|Also see the Isilon Cloudera Kerberos Installation Guide: http://www.emc.com/collateral/TechnicalDocument/docu84031.pdf|
Continuing the series of posts regarding the deployment of Hadoop with Isilon this post will outline the high level overview of the procedure to Kerberize a Cloudera CDH cluster with Isilon against an Active Directory. It provides the core tasks needed to complete the setup, additional topics will be covered later or in upcoming documents.
This procedure is based on the following:
OneFS 184.108.40.206 contains a number of updates to facilitate the integration and deployment of kerberos against OneFS, it is highly recommended to use this version.
This blog assumes to following Isilon Hadoop environment is configured and operational.
A dedicated Isilon Access Zone is in use (not the system zone).
The Isilon SmartConnect Zone configuration is implemented per best practice for Isilon HDFS access.
The Isilon HDFS configuration is correctly configured.
Cloudera Manager is configured correctly for Isilon integration.
Cloudera Manager will manage and deploy keytab and krb5.conf files
A simple access model currently exists between Hadoop and Isilon; user UID & GID are correctly implemented and allow HDFS access to the Isilon HDFS root with UID & GID parity.
Hadoop jobs and services are fully operational.
If your environment deviates from any of these configurations an alternative approach to Kerberization may be required especially with regards to management of keytabs and krb5.conf files. This procedure will not address all configurations or requirements. Additional EMC services should be engaged when required.
This post also does not address Linux host kerberization, Directory Service integration and the Isilon permissioning model for multiprotocol access following kerberization. I hope to address these at a later date.
Since we are integrating an existing Cloudera CDH cluster with an Isilon into a pre-existing Microsoft Active Directory environment, the high level outline approach can be considered to be:
Prepare and configure the Active Directory for Isilon – Hadoop integration
Prepare the Cloudera cluster and Linux hosts for kerberization
Integrate the Isilon cluster into Active Directory
Kerberize the HDP cluster via the Cloudera enable Kerberos wizard
Complete the integration of Isilon and Cloudera
Test and validate Kerberized services
This post is based on using a pre-existing Active Directory environment for Kerberos User Authentication.

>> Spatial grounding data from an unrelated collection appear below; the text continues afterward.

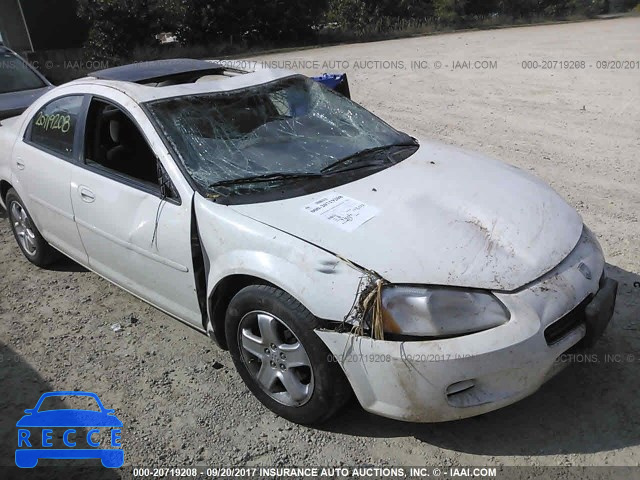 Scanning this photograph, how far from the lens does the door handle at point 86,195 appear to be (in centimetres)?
353

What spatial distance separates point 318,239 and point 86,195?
5.76 ft

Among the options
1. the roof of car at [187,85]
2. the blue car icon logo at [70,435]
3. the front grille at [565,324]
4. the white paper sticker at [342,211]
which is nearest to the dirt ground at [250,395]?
the blue car icon logo at [70,435]

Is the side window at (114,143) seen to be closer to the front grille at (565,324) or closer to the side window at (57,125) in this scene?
the side window at (57,125)

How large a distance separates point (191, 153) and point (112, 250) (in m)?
0.89

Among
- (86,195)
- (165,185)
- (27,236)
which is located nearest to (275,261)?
(165,185)

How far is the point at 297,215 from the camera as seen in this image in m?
2.74

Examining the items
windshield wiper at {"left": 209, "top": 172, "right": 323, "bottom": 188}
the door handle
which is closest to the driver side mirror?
windshield wiper at {"left": 209, "top": 172, "right": 323, "bottom": 188}

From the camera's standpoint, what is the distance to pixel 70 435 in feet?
9.62

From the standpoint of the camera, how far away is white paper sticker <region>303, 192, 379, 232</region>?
2.68 meters

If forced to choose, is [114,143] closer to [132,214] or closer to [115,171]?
[115,171]

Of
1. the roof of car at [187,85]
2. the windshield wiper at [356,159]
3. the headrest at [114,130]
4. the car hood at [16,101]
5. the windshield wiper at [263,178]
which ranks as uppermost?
the roof of car at [187,85]

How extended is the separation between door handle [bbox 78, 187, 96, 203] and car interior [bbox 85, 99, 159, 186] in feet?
0.58

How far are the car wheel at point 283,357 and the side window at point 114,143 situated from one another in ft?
4.01

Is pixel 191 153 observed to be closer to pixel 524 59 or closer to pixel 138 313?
pixel 138 313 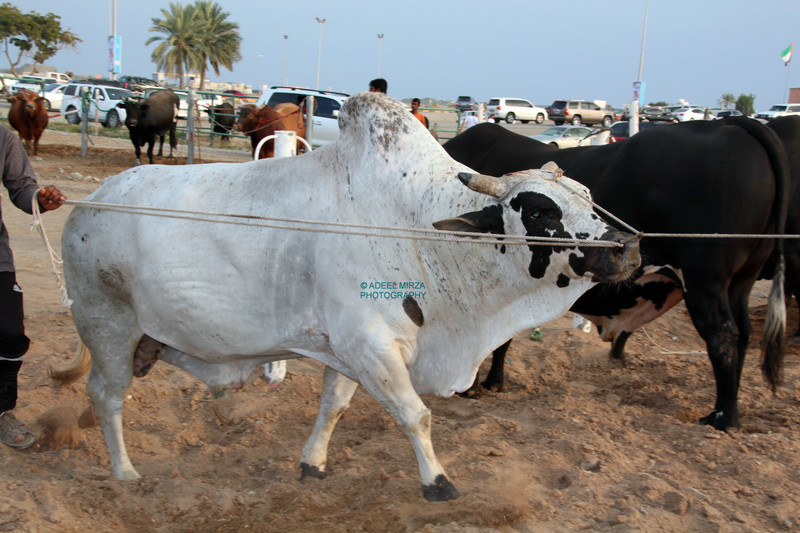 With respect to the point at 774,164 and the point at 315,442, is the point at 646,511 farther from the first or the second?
the point at 774,164

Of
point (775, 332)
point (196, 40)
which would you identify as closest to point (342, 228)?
point (775, 332)

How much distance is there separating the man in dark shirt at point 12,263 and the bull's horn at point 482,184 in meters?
2.04

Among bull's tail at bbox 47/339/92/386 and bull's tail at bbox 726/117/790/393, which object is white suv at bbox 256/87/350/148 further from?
bull's tail at bbox 726/117/790/393

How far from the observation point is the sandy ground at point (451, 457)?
3.25 meters

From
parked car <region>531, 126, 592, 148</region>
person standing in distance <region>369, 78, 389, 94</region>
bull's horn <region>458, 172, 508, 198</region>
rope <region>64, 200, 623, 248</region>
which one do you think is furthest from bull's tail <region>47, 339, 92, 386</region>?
parked car <region>531, 126, 592, 148</region>

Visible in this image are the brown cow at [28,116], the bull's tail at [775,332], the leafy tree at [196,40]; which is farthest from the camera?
the leafy tree at [196,40]

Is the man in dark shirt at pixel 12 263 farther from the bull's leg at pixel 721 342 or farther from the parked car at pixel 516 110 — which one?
the parked car at pixel 516 110

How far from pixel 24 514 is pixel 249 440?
4.81 ft

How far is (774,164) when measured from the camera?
421 cm

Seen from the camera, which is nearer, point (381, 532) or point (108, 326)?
point (381, 532)

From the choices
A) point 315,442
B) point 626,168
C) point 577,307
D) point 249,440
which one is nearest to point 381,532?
point 315,442

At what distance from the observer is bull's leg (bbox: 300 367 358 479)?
384 cm

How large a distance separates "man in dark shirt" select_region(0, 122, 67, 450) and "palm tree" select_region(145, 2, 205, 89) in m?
51.8

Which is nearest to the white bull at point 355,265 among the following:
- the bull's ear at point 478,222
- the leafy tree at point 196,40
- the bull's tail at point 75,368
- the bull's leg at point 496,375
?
the bull's ear at point 478,222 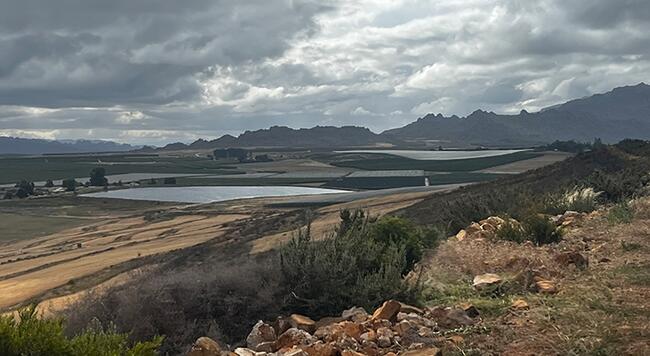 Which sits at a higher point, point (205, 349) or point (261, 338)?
point (205, 349)

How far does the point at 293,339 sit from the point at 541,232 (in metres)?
8.88

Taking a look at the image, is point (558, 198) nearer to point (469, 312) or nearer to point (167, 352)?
point (469, 312)

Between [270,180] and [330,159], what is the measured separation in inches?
2248

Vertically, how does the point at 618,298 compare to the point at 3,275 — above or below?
above

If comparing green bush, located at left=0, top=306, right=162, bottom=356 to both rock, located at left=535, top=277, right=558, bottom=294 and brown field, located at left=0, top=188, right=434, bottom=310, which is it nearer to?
rock, located at left=535, top=277, right=558, bottom=294

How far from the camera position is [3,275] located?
3378 cm

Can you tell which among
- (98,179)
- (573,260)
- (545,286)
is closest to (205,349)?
(545,286)

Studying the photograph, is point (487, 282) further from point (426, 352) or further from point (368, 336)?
point (426, 352)

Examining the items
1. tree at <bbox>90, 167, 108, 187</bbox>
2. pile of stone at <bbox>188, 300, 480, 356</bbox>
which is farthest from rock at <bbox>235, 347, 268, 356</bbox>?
tree at <bbox>90, 167, 108, 187</bbox>

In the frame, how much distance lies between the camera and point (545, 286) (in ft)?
28.2

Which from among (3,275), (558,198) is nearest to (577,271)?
(558,198)

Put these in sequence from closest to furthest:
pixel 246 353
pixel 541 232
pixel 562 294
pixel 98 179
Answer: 1. pixel 246 353
2. pixel 562 294
3. pixel 541 232
4. pixel 98 179

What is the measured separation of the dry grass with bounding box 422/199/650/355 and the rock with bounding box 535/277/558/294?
13cm

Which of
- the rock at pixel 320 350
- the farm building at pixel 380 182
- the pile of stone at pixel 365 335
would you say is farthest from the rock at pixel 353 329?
the farm building at pixel 380 182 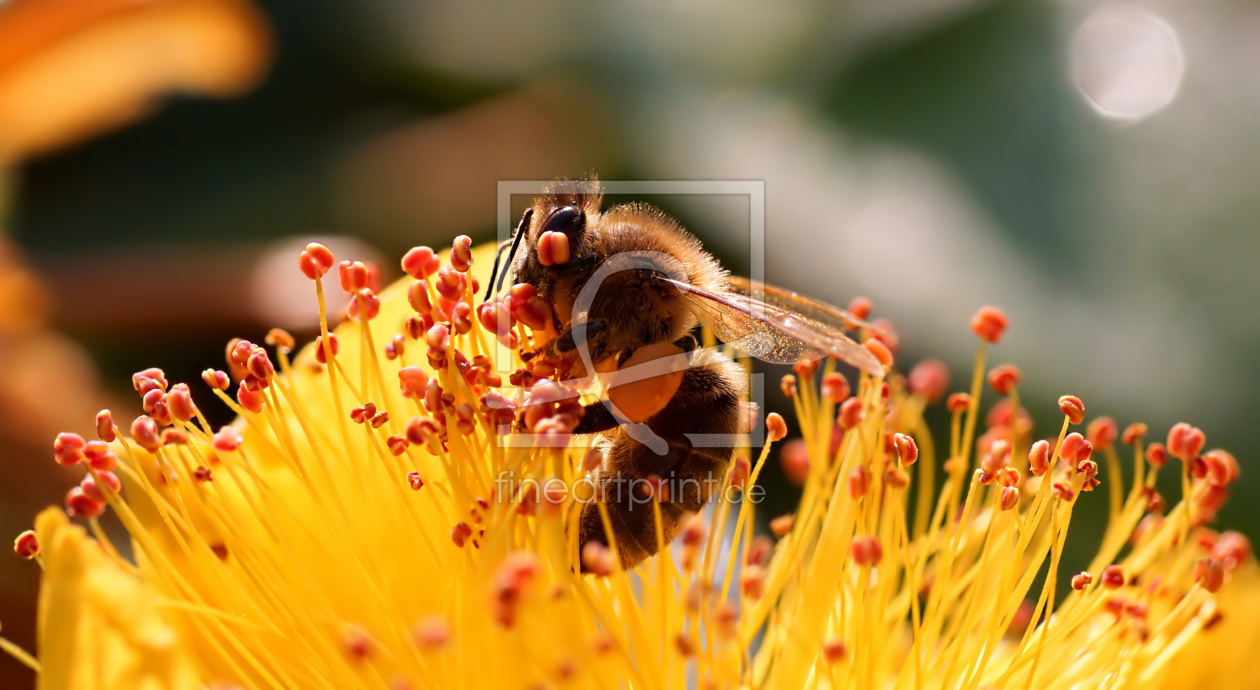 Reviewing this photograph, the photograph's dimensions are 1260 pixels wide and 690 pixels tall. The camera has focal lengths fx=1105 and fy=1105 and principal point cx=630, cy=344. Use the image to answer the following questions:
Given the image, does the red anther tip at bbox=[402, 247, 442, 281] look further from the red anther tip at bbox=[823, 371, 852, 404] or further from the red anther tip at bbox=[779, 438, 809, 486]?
the red anther tip at bbox=[779, 438, 809, 486]

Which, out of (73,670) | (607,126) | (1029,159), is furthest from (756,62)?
(73,670)

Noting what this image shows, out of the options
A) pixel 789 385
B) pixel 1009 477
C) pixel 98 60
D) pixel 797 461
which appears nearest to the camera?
pixel 1009 477

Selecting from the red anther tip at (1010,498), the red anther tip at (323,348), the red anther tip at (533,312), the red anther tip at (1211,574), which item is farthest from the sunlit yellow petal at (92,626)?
the red anther tip at (1211,574)

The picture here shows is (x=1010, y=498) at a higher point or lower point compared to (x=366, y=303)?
lower

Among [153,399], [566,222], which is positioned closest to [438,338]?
[566,222]

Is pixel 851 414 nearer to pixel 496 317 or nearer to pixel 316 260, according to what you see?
pixel 496 317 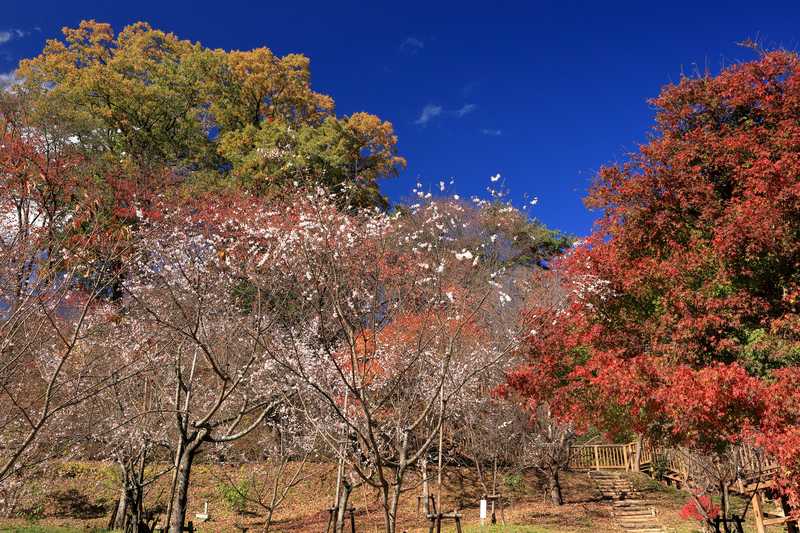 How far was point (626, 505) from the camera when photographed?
15227 mm

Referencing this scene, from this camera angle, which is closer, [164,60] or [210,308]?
[210,308]

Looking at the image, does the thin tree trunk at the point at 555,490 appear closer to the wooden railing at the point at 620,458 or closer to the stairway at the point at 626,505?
the stairway at the point at 626,505

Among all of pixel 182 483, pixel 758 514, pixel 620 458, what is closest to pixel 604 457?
pixel 620 458

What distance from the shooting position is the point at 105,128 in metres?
19.2

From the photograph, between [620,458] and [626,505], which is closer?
[626,505]

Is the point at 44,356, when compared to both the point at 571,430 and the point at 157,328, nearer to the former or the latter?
the point at 157,328

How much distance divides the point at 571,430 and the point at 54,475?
1386 cm

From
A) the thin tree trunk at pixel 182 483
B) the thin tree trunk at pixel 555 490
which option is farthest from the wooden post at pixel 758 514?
the thin tree trunk at pixel 182 483

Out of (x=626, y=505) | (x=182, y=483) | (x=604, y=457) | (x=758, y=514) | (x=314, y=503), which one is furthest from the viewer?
(x=604, y=457)

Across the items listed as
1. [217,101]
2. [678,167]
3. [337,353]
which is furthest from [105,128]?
[678,167]

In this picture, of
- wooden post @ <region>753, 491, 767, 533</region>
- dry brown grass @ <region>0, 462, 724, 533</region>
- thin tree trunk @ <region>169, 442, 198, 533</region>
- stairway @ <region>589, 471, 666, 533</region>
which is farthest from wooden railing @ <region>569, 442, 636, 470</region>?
thin tree trunk @ <region>169, 442, 198, 533</region>

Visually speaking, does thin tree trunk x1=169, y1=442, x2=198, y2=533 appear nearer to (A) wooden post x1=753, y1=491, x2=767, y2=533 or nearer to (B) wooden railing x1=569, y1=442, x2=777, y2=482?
(A) wooden post x1=753, y1=491, x2=767, y2=533

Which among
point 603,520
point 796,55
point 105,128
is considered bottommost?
point 603,520

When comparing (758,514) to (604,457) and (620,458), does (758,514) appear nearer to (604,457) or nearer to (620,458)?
(604,457) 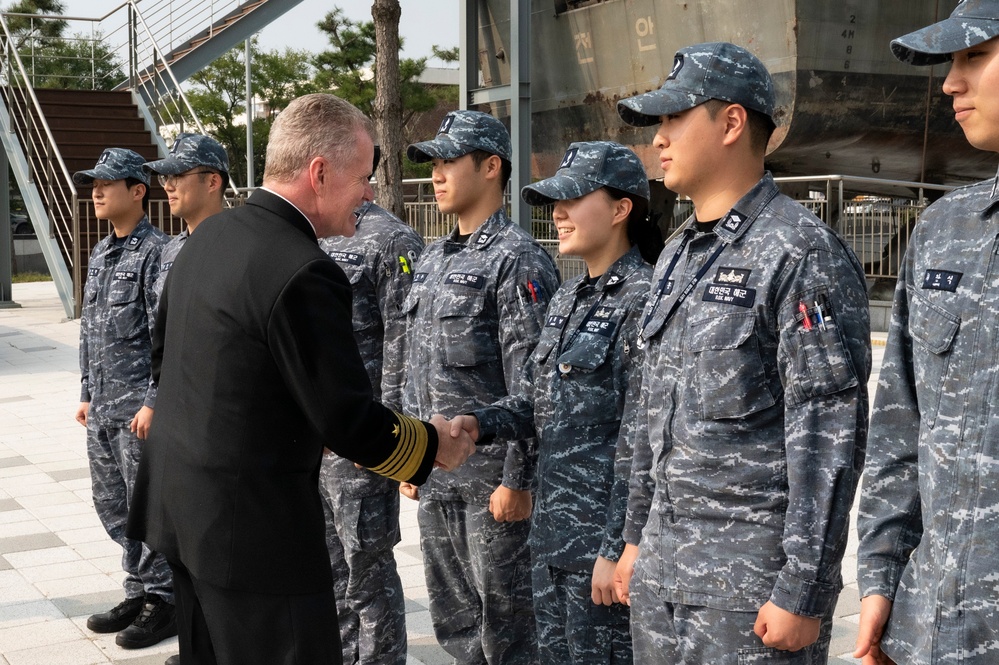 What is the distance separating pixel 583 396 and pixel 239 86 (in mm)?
37864

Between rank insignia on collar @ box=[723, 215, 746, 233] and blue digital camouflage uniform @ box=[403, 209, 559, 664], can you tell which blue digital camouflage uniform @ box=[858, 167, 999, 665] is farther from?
blue digital camouflage uniform @ box=[403, 209, 559, 664]

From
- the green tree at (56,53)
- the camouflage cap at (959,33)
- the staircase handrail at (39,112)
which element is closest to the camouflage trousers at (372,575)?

To use an existing Active Directory domain for the cluster with the Cloudera Kerberos wizard, you must prepare the following:
-Isilon, Cloudera Manager and the compute cluster hosts have all the required network access to Active Directory and AD services
-All DNS name resolution of required Active Directory Services is valid
-Active Directory secure LDAP (LDAPS) connectivity has been configured.
-Active Directory OU User container for principals has been created, For example "OU=Hadoop--Cluster,OU=People,dc=domain,dc=com"
-Active Directory administrative credentials with delegated control of “Create, delete, and manage user accounts” on the OU User container are implemented.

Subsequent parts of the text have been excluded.